At least three stories published this week home in on problems associated with climate change, with one story focused on the politics of climate change legislation, another aimed at challenges to limiting greenhouse gas emissions caused by home energy use, and the third on what the science community says will happen should we fail to significantly reduce emissions sooner rather than later.
An article in Wednesday’s New York Times offered a sober assessment of the prospects for U.S. Senate adoption of a bill to combat global warming – a bill that almost certainly would be weaker than the American Clean Energy and Security Act, more commonly known as the Waxman-Markey bill, or H.R. 2454, passed by the House of Representatives in June.
The House bill has a provision that would require a 17% reduction in greenhouse gas emissions by 2020 (the original target was 20%) and an 83% reduction by 2050 from 2005 levels through a cap-and-trade system. The House bill also calls for the establishment and nationwide implementation of improved building energy code, a provision opposed by many industry groups, including the National Association of Home Builders. The national code would mandate a 30% increase in efficiency over 2006 IECC requirements upon enactment, a 50% increase by 2014, and a 75% increase by 2029.
A Capitol Hill Workaround
As the Times story explains, Senator John Kerry, a Massachusetts Democrat, and Senator Lindsey Graham, Republican of South Carolina, have teamed up to try to create consensus on climate change legislation. But they are focusing more on a bill that, as Graham put it, would create jobs, whether by drilling for offshore oil or building wind turbines. The cap-and-trade option has, for this year at least, been nudged off the table and into the dumper.
The two other stories, meanwhile, suggest that the more prudent long-term course of action for our Senate lawmakers would in fact be to hew very closely to H.R. 2454 rather than retreat from key measures such as cap-and-trade and national code.
Dailyclimate.org, a division of nonprofit Environmental Health Services that provides overviews of news coverage related to climate change, on Monday posted a story highlighting challenges to improving the energy efficiency of housing in the U.S. The article cited an almost 5% increase since 2007 in the number of homes built to the Environmental Protection Agency’s Energy Star standard, but also noted that those homes accounted for only about 17% of the new inventory.
Selling efficiency to homebuyers
The story cites comments by Sam Rashkin, the national director of the EPA’s Energy Star Homes program, that illuminate housing’s role in emissions. Home energy use, he says, accounts for 16% of greenhouse gas emissions in the U.S. But he adds that even though 99% of its homes are poorly insulated and sealed, most could be made at least 30% more energy efficient with cost-effective improvements.
Among the principal challenges are finding ways to help prospective homebuyers and current homeowners manage the costs and understand the benefits of energy efficiency. One priority: urge the mortgage industry to more prominently market “energy efficient” mortgages, which roll the cost of energy efficiency improvements into the mortgage. Marketing the benefits of energy efficiency in a convincing way may be the tougher challenge, but also the most expedient one, the story points out.

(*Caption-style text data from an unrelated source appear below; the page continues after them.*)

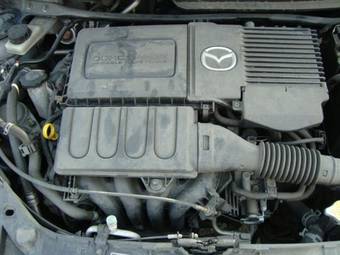 2004 Mazda Demio Images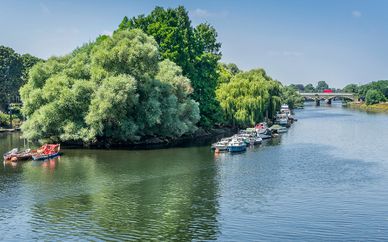 DoubleTree by Hilton London Kingston Upon Thames 4* & Thames River Cruise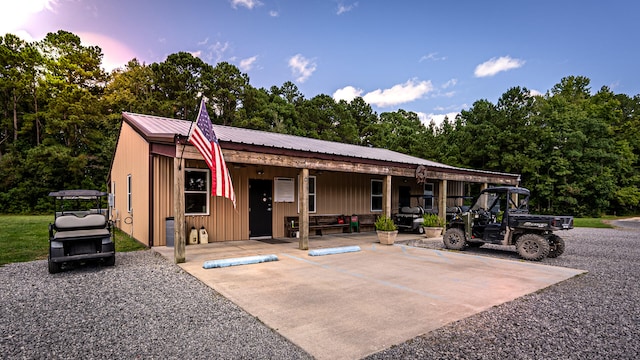 view of front facade featuring covered porch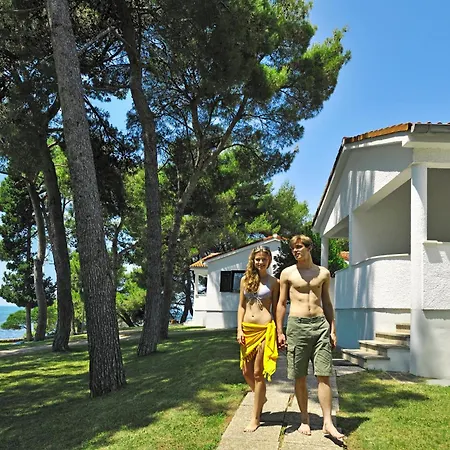 Villa Galijot Plava Laguna-3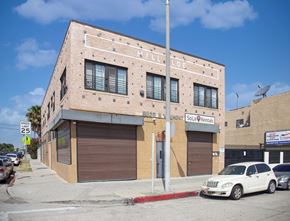 Los Angeles apartment for rent - A building with the words Hilltop on the side.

“Consumers really, really need more information about efficient homes,” Aleisha Khan, executive director of the Building Codes Assistance Project, told Dailyclimate. “They just aren’t getting it.”

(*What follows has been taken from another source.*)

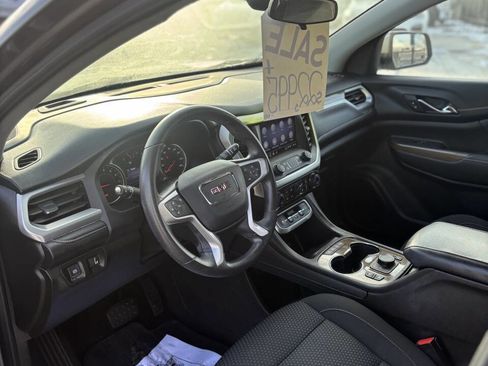 Used 2021 GMC Acadia SLE w/ Driver Convenience Package image 13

Scientists reemphasize a point
As if to remind everyone of the urgency of the situation, the Union of Concerned Scientists, a nonprofit advocacy group formed in 1969 by MIT faculty and students, posted a news release on Tuesday that reiterates climate scientists’ imperatives regarding greenhouse gas emissions.
The UCS points out that a failure by the U.S. to pass a comprehensive climate bill in the coming months – including a provision that would require emissions cuts at least 80% below 2005 levels by 2050 – would lock in the worst consequences of climate change, most especially the trapping of heat by the earth’s atmosphere. The quickest and by far least expensive way to deal with the problem, the scientists say, is to act this year.
Intended to fire up interest in the subject before President Obama’s State of the Union address on Wednesday, the group targets as in adequate the compromise proposal being floated in the Senate, and says it includes loopholes and exemptions that “would do less to promote renewable energy sources than state policies already in place.”
H.R. 2454, on the other hand, would put a price on carbon emissions and offer a mix of market incentives compelling enough to make its carbon cap goals realistic, UCS says.
“Economists agree that a carbon price is a critical, cost-effective way for the United States to reduce its emissions and transition to a clean energy economy,” UCS economist Rachel Cleetus says in the memo. “A strong cap would encourage investments in clean energy sources and energy efficiency and help ensure that U.S. companies capture a share of the growing global market in clean technologies. Green is the new red, white and blue.”